Segment Start: RECORDED DATA

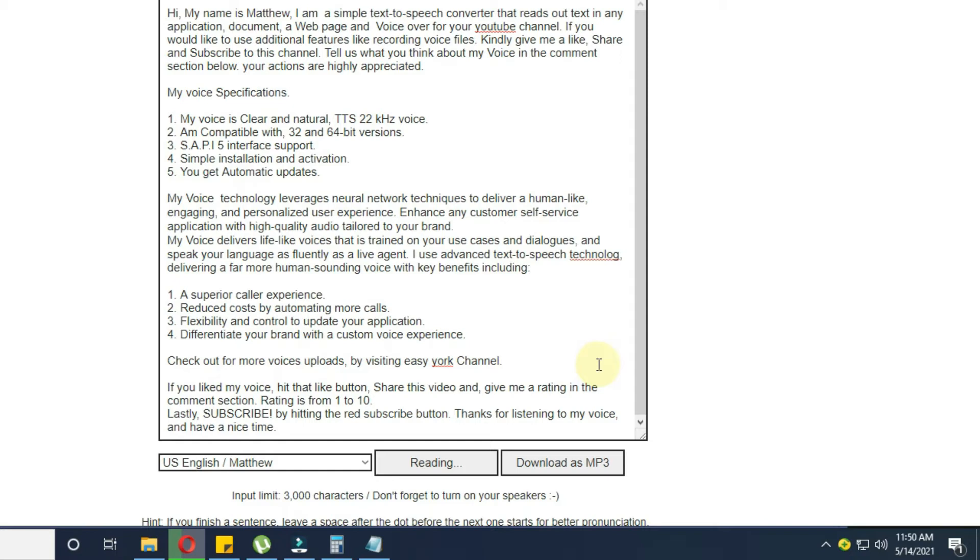1. A superior caller experience. 2. Reduced costs by automating more calls. 3. Flexibility and control to update your application. 4. Differentiate your brand with a custom voice experience.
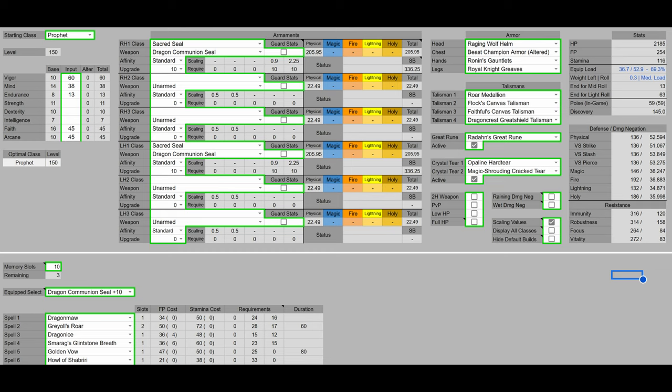For armor, we have the Raging Wolf Helm, the Altered Beast Champion armor, the Ronin's Gauntlets, and the Royal Knight Greaves. The reason why this was chosen is because it offers the highest damage negation for our equip load, as well as reaching the 51 poise breakpoint, which is very important in PvE.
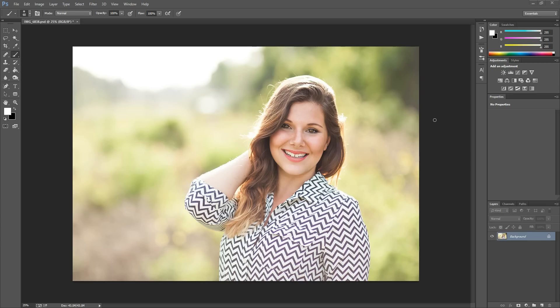Hi there, this is Morgan with Morgan Burks Photography and Product Shop, and today I'm going to show you how to use layer masks to refine an adjustment in Photoshop.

Segment End: RECORDED DATA

The whole listing is to be duplicated verbatim, apart from its images.

1. A superior caller experience. 2. Reduced costs by automating more calls. 3. Flexibility and control to update your application. 4. Differentiate your brand with a custom voice experience.
For armor, we have the Raging Wolf Helm, the Altered Beast Champion armor, the Ronin's Gauntlets, and the Royal Knight Greaves. The reason why this was chosen is because it offers the highest damage negation for our equip load, as well as reaching the 51 poise breakpoint, which is very important in PvE.
Hi there, this is Morgan with Morgan Burks Photography and Product Shop, and today I'm going to show you how to use layer masks to refine an adjustment in Photoshop.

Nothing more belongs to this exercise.